Abstract (Timberlake): Immigrants from countries of East and Central Europe to the United States arrived bearing the culture of their homeland (confession, marriage rituals, food, etc.) and they arrived speaking their home language but little English. The pressure to assimilate and to replace the language of origin with English has been relentless.
The erosion of the language of origin often occurs over three generations: (1) charter generation is (nearly) monolingual, (2) transitional generation is bilingual with functional differentiation (origin language in the home and community, English outside, at which time the charter generation may rely on the children to mediate between them and the outside world), and (3) assimilation to English, leaving behind memorized phrases or songs signalling “symbolic ethnicity” (see the classic study of Fishman*). Language is maintained by an ethnic group on a local level, in proportion to the vitality, cohesion, and autonomy of a specific diasporic community: the healthier and larger the community (employment in the community, fraternal organizations, local media, Saturday schools and summer camps), the longer the language of origin will be maintained.

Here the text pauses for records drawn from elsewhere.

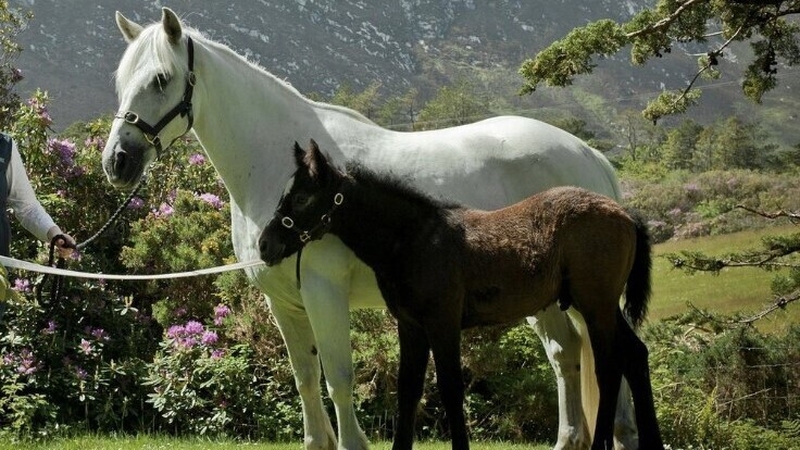 Snowy agus Aimhirgín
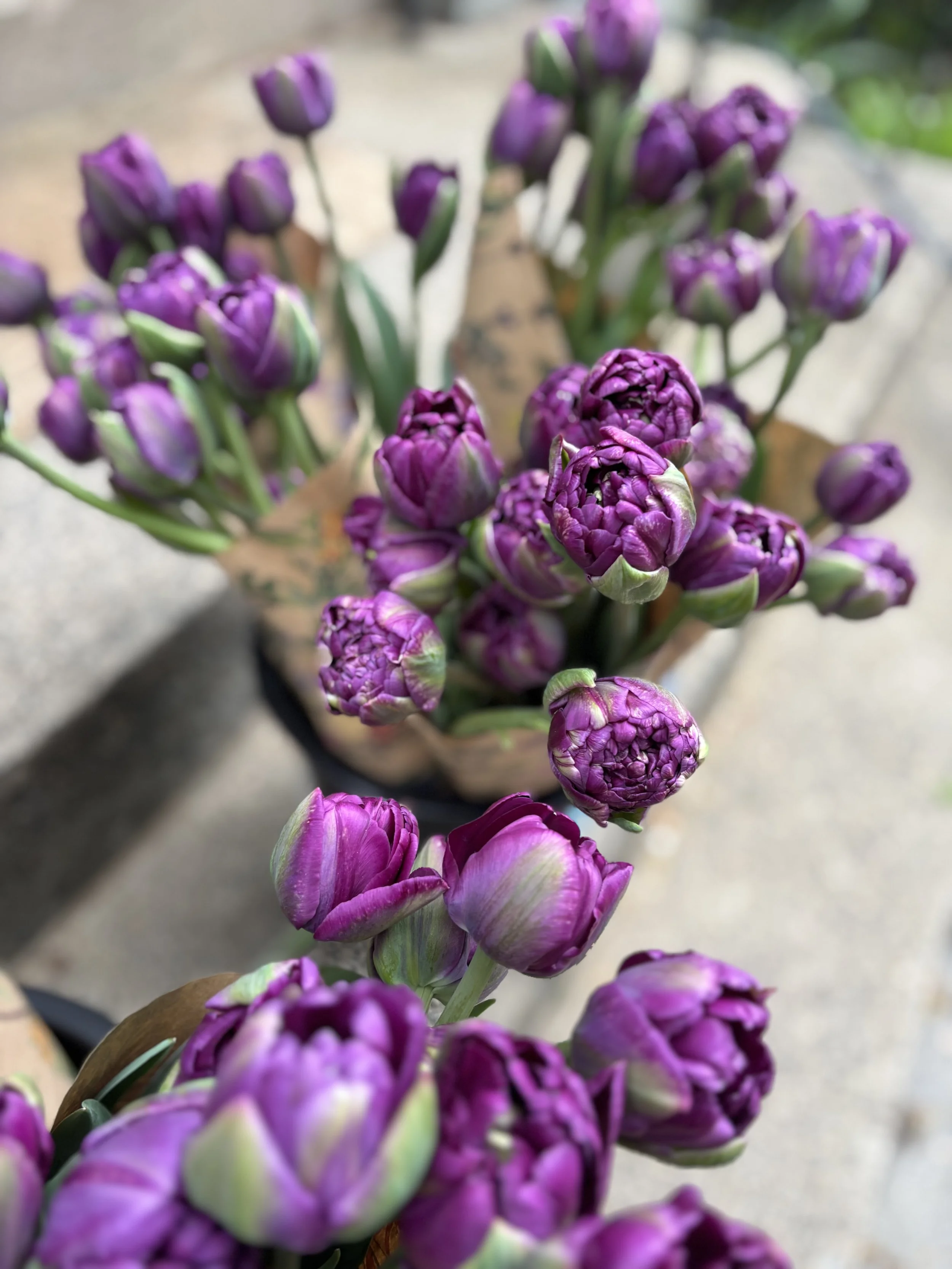 IMG_0183.jpeg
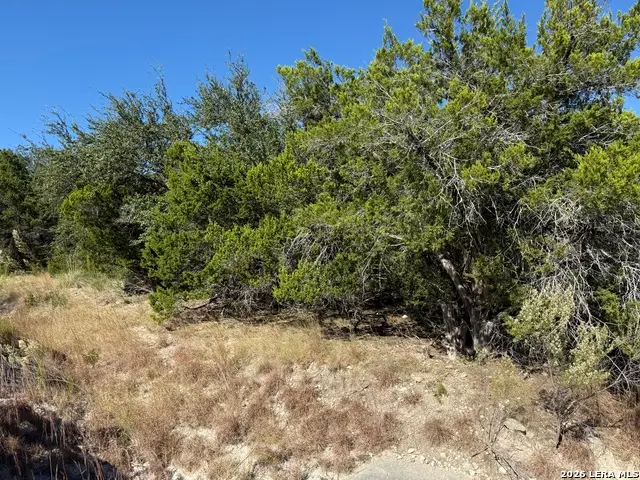 LOT 37 Golf Course Dr. E, Spring Branch, TX 78070 - #3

This is the case, for example, in select concentration of Hungarians in Cleveland, Poles and others (Lithuanians for a time) in Chicago, and Serbs and many groups in the New York area.

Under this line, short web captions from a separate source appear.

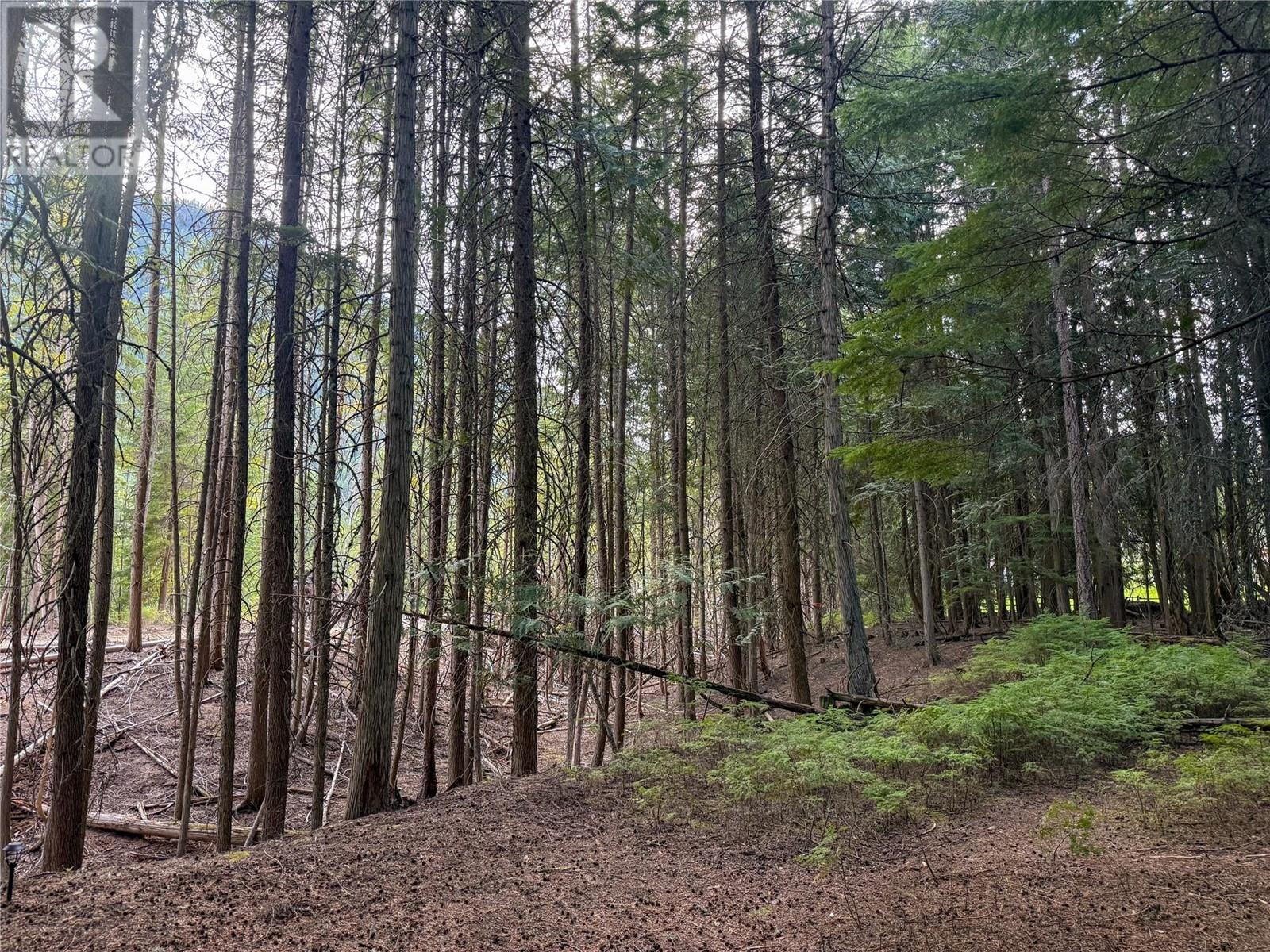 3945 Saunders Road, Passmore, British Columbia  V0G 2J0 - Photo 4 - 10349706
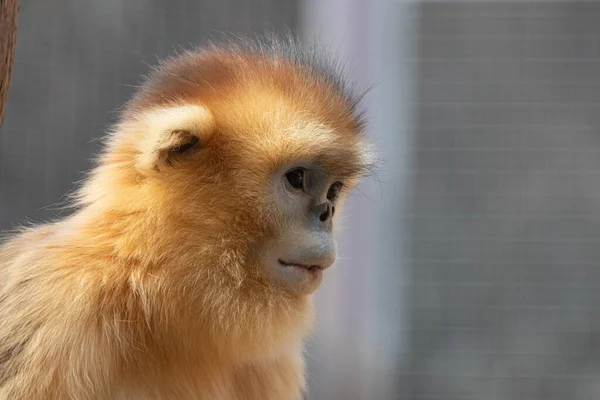 Monyet Kecil Penasaran Sedang Melihat Sesuatu — Stok Foto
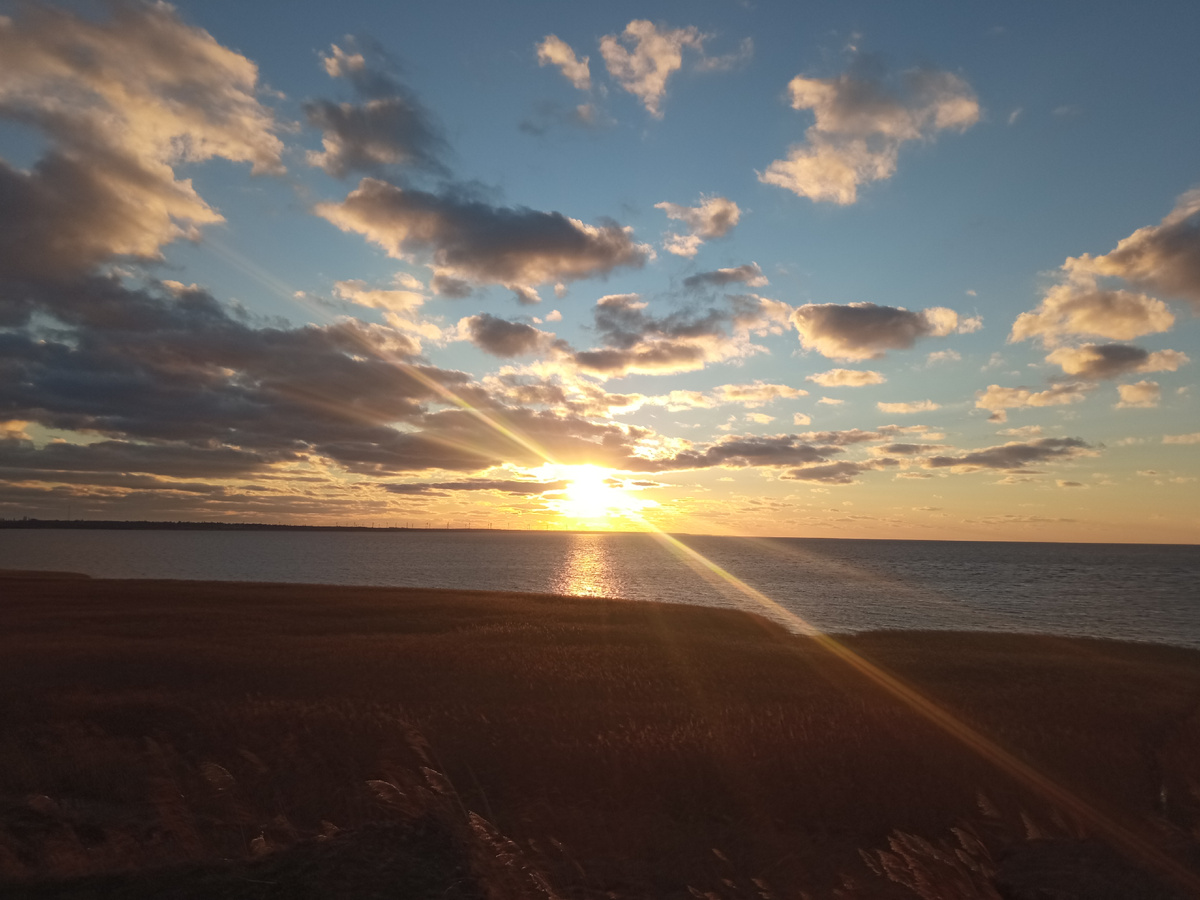 Осознанная ходьба: медитация вдоль берега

The pattern of assimilation was established in the second half of the nineteenth and continued thereafter through the immigration following World War II. Maintenance of community and language has been undermined by exurbanization, upward social mobility and greater economic integration and exogenous marriage, and aging; ethnic groups have been only partly replenished by new immigrations. The older pattern may well be changing in the post-1989 world, as more worldly immigrants know English on arrival and continue to travel between the United States and the origin country. It is an open but intriguing question whether the changes in immigration after 1989 will accelerate or inhibit language loss among immigrants.

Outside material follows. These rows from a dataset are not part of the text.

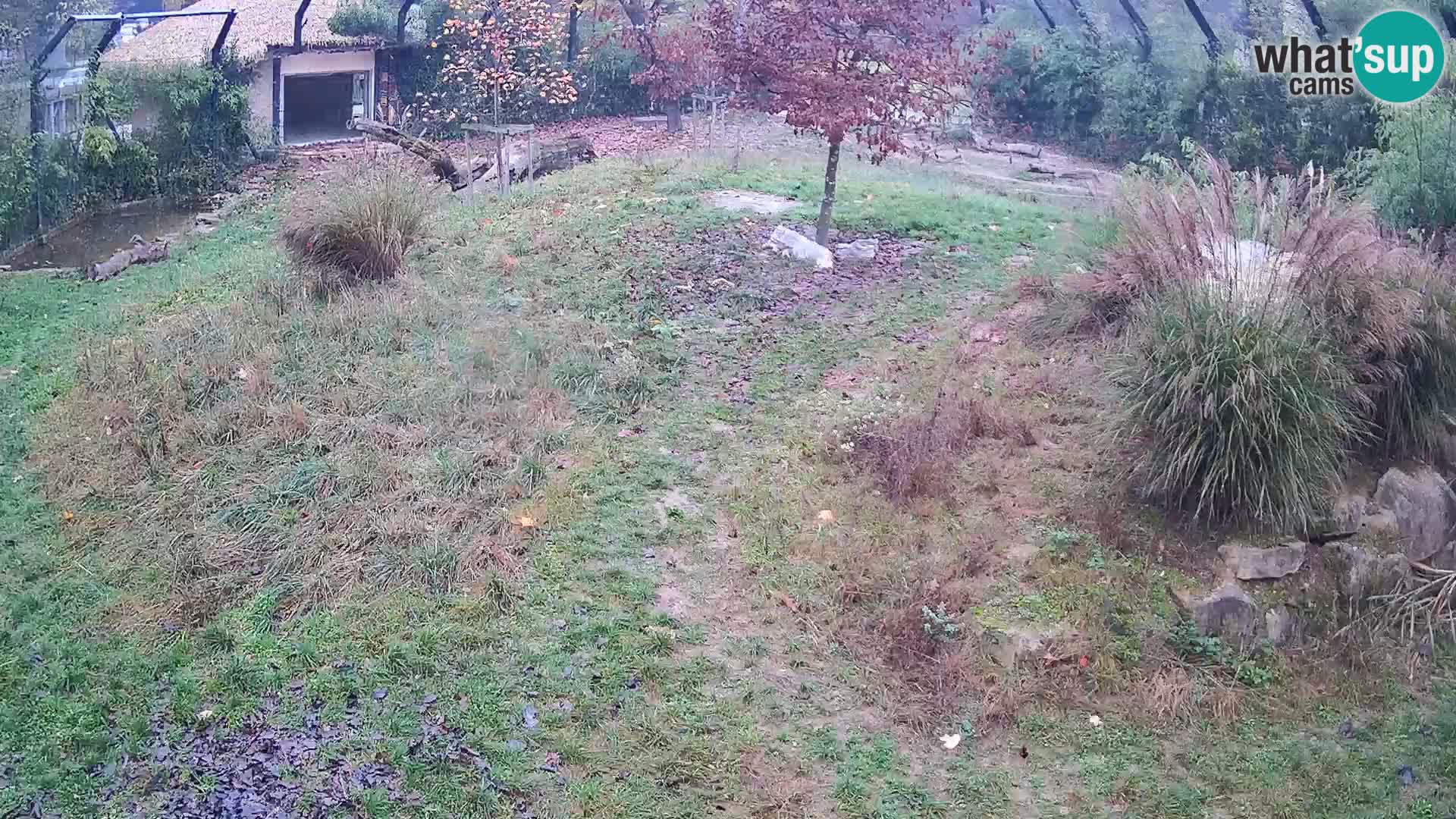 Zoo Ljubljana web kamera Lavovi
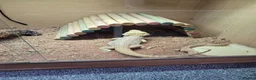 Bearded Dragon reptiles for sale: Juvenile Bearded Dragon & Full Set Up - Advert 6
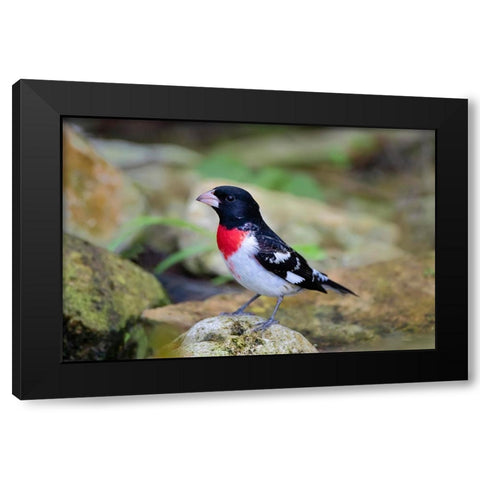 Rose-breasted Grosbeak-Pheucticus ludovicianus-perched Black Modern Wood Framed Art Print by Ditto, Larry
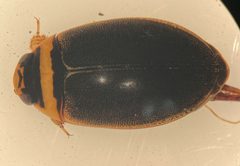 Graphoderus fascicollis by (c) Matthew Pintar, some rights reserved (CC BY), uploaded by Matthew Pintar. Used under a CC-BY license.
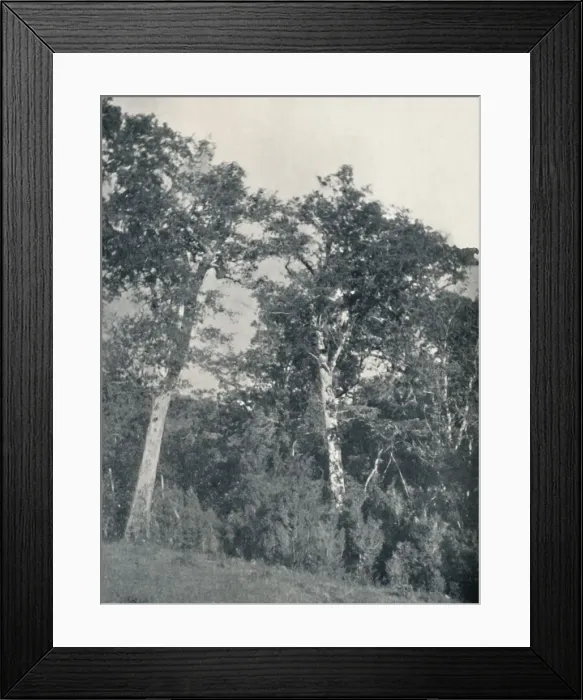 Framed Print : A Forest of Antarctic Beech at Temuco, 1911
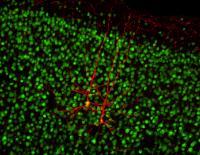 Microscopic View of The Brain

Edward Kasinec A native New Yorker, born and reared in the post-war Czecho-Slovak and Rusyn neighborhood of Manhattan, the son of interwar Carpatho-Rusyn immigrants, Kasinec knows first-hand the personalities and institutions that comprise the complex face of the Slavic immigrations, and has authored articles and memoirs on the subject. Since 1983 he has resided in Forest Hills, a major community of Third and Fourth Wave Russophone émigrés. He holds graduate degrees from Columbia University (M.A., 1968, M.Phil.,1979), and Simmons College (M.L.S., 1976). During the academic year 1971-72 he studied at Moscow State University. Kasinec serves as a qualified appraiser, and holds a Certificate in Archival Studies from American University ( l971), and a Certificate in Appraisal Studies (Fine and Decorative Arts, 2010) from New York University. His professional career includes service as Reference Librarian/Archivist for the Harvard University Library and the Ukrainian Research Institute Library (1973-80); Librarian for Slavic Collections, University of California, Berkeley, Library (1980-84); and Curator, Slavic and Baltic Division, The New York Public Library (1984-2009 ). He presently holds appointment as a Research Scholar and Staff Associate, Harriman Institute, Columbia University. Kasinec has published more than two hundred refereed articles and books, and has been acknowledged in as many academic publications.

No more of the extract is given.